D'après une étude du Groupe de travail allemand sur l'hydrogène, la demande en hydrogène dans l'industrie chimique pourrait dépasser 220 TWh avant que l'objectif de neutralité carbone ne soit atteint en 2045. L'équipe de recherche, composée d'experts de la Société allemande de génie chimique et de biotechnologie (DECHEMA) et de l'Académie nationale des sciences et de l'ingénierie (acatech), a été chargée d'élaborer une feuille de route pour la construction d'une économie de l'hydrogène. L'objectif est de permettre aux acteurs économiques, administratifs et politiques de comprendre ensemble les perspectives d'avenir de cette économie et les étapes nécessaires à sa mise en place. Le projet a bénéficié d'une subvention de 4,25 millions d'euros du budget du ministère fédéral allemand de l'Éducation et de la Recherche et du ministère fédéral allemand de l'Économie et de l'Action climatique. L'un des secteurs couverts par le projet est l'industrie chimique (hors raffineries), qui émet environ 112 tonnes d'équivalent CO2 par an. Cela représente environ 15 % des émissions totales de l'Allemagne, alors que ce secteur ne représente qu'environ 7 % de la consommation énergétique totale.
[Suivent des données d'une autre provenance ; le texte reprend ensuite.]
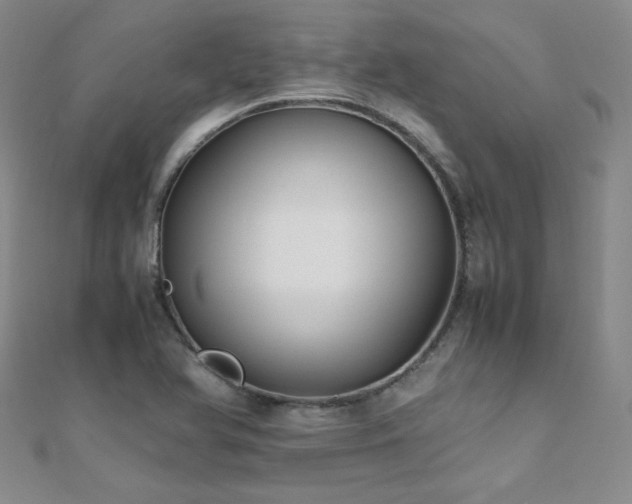 X0000110711366200906121345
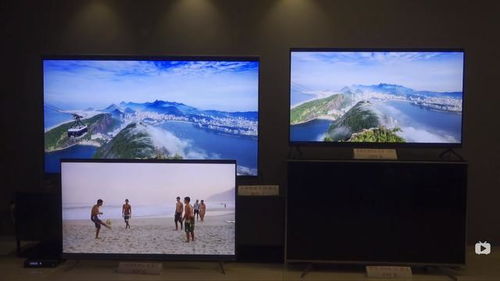 荣耀电视系列怎么选择？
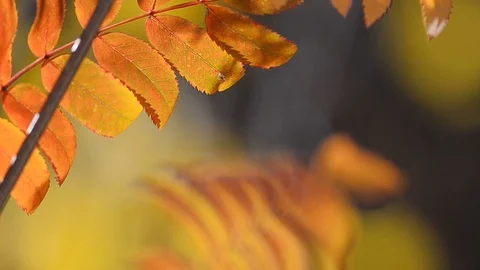 Leaves of rowan tree closeup Stock Footage 97744592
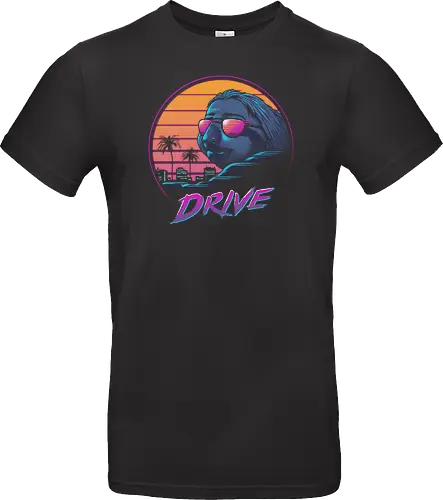 Slow Drive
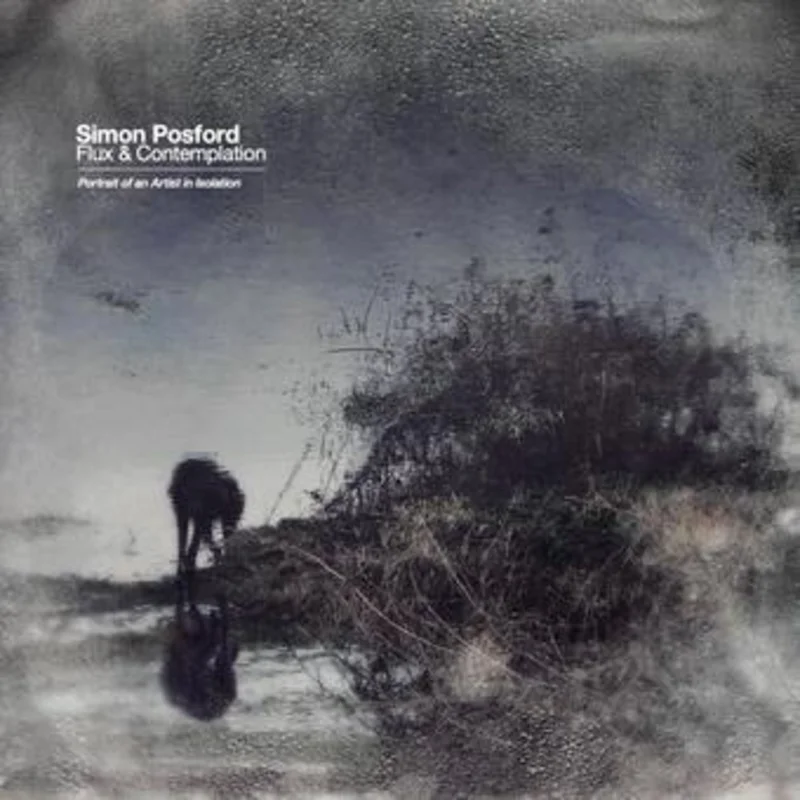 Posford, Simon - Flux & Contemplation: Portrait Of An Artist In Isolation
Le décalage apparent entre la consommation d'énergie et les émissions du secteur chimique s'explique par l'utilisation de combustibles fossiles comme matière première. L'industrie chimique utilise non seulement le charbon, le pétrole et le gaz naturel comme sources d'énergie, mais elle décompose également ces ressources en éléments, principalement du carbone et de l'hydrogène, afin de les recombiner pour produire des produits chimiques. C'est ainsi que l'industrie produit des matières premières telles que l'ammoniac et le méthanol, qui sont ensuite transformées en plastiques et résines synthétiques, engrais et peintures, produits d'hygiène personnelle, produits de nettoyage et produits pharmaceutiques. Tous ces produits contiennent des combustibles fossiles, et certains en sont même entièrement composés. La combustion ou la consommation de ces combustibles représente la moitié des émissions de gaz à effet de serre de l'industrie, l'autre moitié provenant du processus de conversion.
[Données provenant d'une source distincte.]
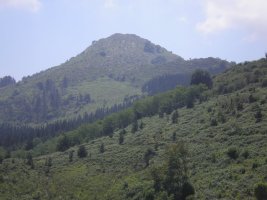Gantzorrotz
L'hydrogène vert est la clé d'une industrie chimique durable
Par conséquent, même si l'énergie de l'industrie chimique provenait entièrement de sources durables, elle ne réduirait ses émissions que de moitié. L'industrie chimique pourrait réduire ses émissions de plus de moitié en remplaçant l'hydrogène fossile (gris) par de l'hydrogène durable (vert). À ce jour, l'hydrogène est produit presque exclusivement à partir de combustibles fossiles. L'Allemagne, qui tire environ 5 % de son hydrogène de sources renouvelables, est un chef de file international. D'ici 2045/2050, la demande allemande en hydrogène sera multipliée par plus de six, dépassant les 220 TWh. La demande de pointe pourrait atteindre 283 TWh, soit 7,5 fois la consommation actuelle.